Six années après, au moment prècis où j’écris ces lignes, le temps qui passe a malheureusement fait des «dégâts», irréparables - faut-il le préciser? -, puisque si en 2012, seule la danoise Inger CHRISTENSEN (1935-2009) venait de disparaître, aujourd’hui c’est exactement le contraire, puisque des cinq poètes, seul le Norvégien Jan Erik VOLD (*1935) est encore parmi nous. Les voix de Pentti HOLAPPA (1927-2017) ; Tomas TRANSTRÖMER (1931-2015) et Sigurdur PALSON (1948-2017) se sont depuis définitivement éteintes.

Je ne peux, bien sûr, vous parler dans une si courte critique, de ces cinq immenses poètes, d’abord par manque place et puis je l’avoue… Par fainéantise !… Et bien oui! Après tout, pourquoi serait-ce toujours à moi d’écrire, et non pas à vous, lecteurs de mes recensions, de faire un petit effort de lecture? D’autant plus que moi, j’ai déjà fait ma part d’écriture et que, à vous, il ne reste qu’à me lire. En effet, Jan Erik VOLD est ici : http://www.critiqueslibres.com/i.php/vcrit/53947 Pentti HOLAPPA ici : http://www.critiqueslibres.com/i.php/vcrit/50146 Tomas TRANSTRÖMER ici : http://www.critiqueslibres.com/i.php/vcrit/28304 et Sigurdur PALSON ici : http://www.critiqueslibres.com/i.php/vcrit/53898

Reste donc à parler de la poésie d’Inger CHRISTENSEN. Pas facile, ni évident quand on sait que la poésie de la danoise peut-être aussi bien cristalline et facile, que cérébrale et subjective.

Si les thèmes classiques de tous les poètes du grand Nord sont bien sûr présents : la neige, le vent, le soleil, les arbres, les animaux, les fruits, la nature, la vie, la mort… ils sont comme «saupoudré », par un souffle sombre, une ombre dans la beauté. C’est parfois une poésie presque «scientifique», l’auteur voulant prouver que si la beauté existe elle n’est pas à l’abri de l’horreur. Ainsi p. ex. on retrouve régulièrement les thèmes de la bombe atomique ou de l’hydrogène qui renferme en lui la force de tout détruire…

Il est parfois plus facile de simplement se laisser porter par les sonorités, d’autant plus qu’ellipses et raccourcis sont communs dans la poésie de Mme. CHRISTENSEN…

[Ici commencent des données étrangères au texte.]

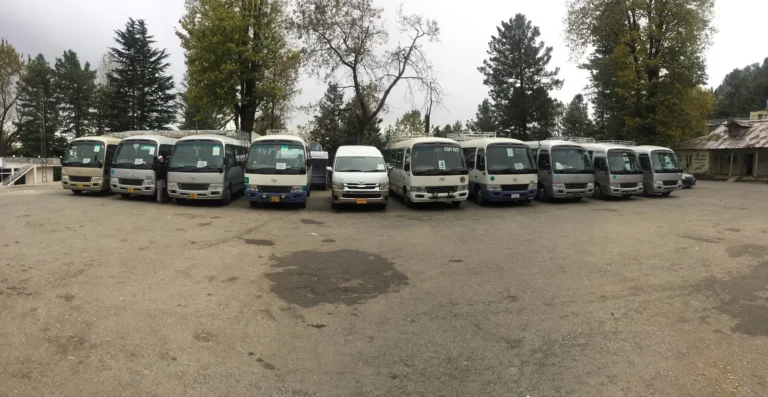 Line of tour coasters parked before departure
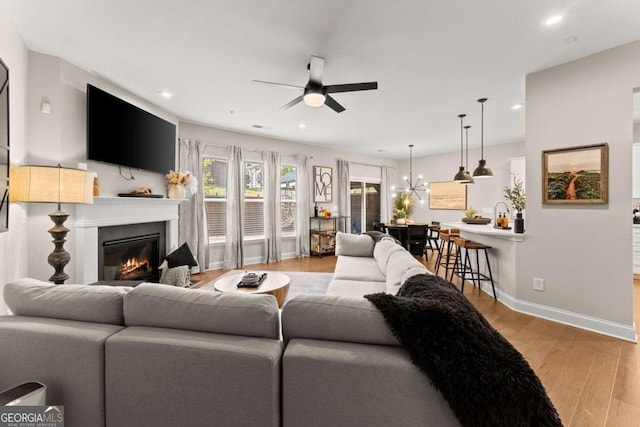 living room featuring ceiling fan with notable chandelier and light hardwood / wood-style flooring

Laissons la parole au poète :

JE M’APPUIE TENDREMENT CONTRE LA NUIT

Je m'appuie tendrement contre la nuit
sur la rampe rouillée
je trouve ma joue, mon épaule
je trouve ma tendresse:
fer et chair.

Le reste ondoie, s'effrange
en silence, interroge dedans, dehors
dans l'espace de la nuit, dans l'espace de l'âme : est-ce la mort?
je pose ma main sur le visage
tremblant de la nuit,
enlève un peu de rouille de ma joue :

Mon corps fêlé sans vie c’est quoi ?
Les fournis n’ont rien à faire dans la neige.
Non, dire, dire, dire est mon corps.
Je l’écris ici : mon corps c’est quoi ?
Les fourmis le portent au hasard,
mot après mot, me transportent.

(Extrait de «Lumières» (1989) d’Inger CHISTENSEN)

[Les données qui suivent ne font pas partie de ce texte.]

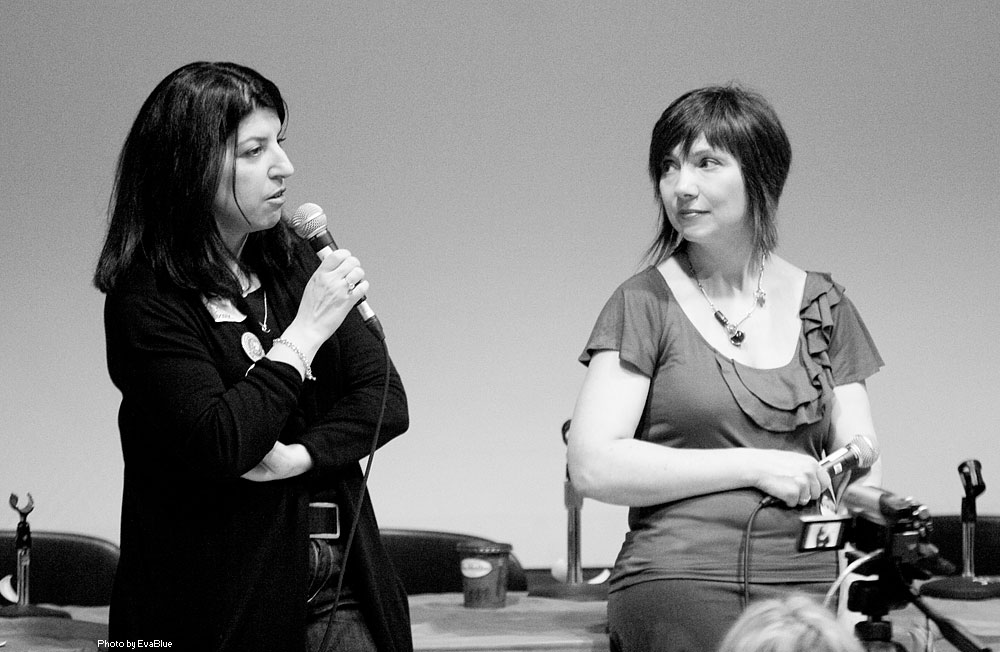 two women speaking in front of a crowd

Au final, une anthologie à mettre entre toutes les mains…

Inger CHRISTENSEN (1935-2009) : a été lauréate du Prix nordique de l'Académie suédoise en 1994, du prix de l'État autrichien pour la littérature européenne 1994 et du Prix Siegfried Unseld en 2006. Son nom a été proposé à de nombreuses reprises pour le prix Nobel de Littérature.

Jan Erik VOLD (*1935) : a reçu deux fois le Prix Brage, le plus prestigieux des prix littéraires norvégien en 1993 dans la catégorie «Poésie» et en 1997 pour l’ensemble de son œuvre.

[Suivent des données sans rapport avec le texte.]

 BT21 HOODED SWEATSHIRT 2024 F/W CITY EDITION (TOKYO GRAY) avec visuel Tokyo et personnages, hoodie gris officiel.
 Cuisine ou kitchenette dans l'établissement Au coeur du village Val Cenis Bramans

Pentti HOLAPPA (1927-2017) : a été le lauréat du Prix national de littérature (Finlande) en 1951 et 1981, il a également été lauréat du Prix Finlandia en 1988 (L’équivalent du Prix Goncourt en France). Son nom a été proposé à de nombreuses reprises pour le prix Nobel de Littérature.

Tomas TRANSTRÖMER (1931-2015) : a été lauréat du Prix Nobel de Littérature en 2011, de la « Couronne d’Or » (Golden Wreath) de Struga en 2003, du Prix nordique de l'Académie suédoise en 1991 et du « Grand prix de littérature du Conseil nordique » en 1990.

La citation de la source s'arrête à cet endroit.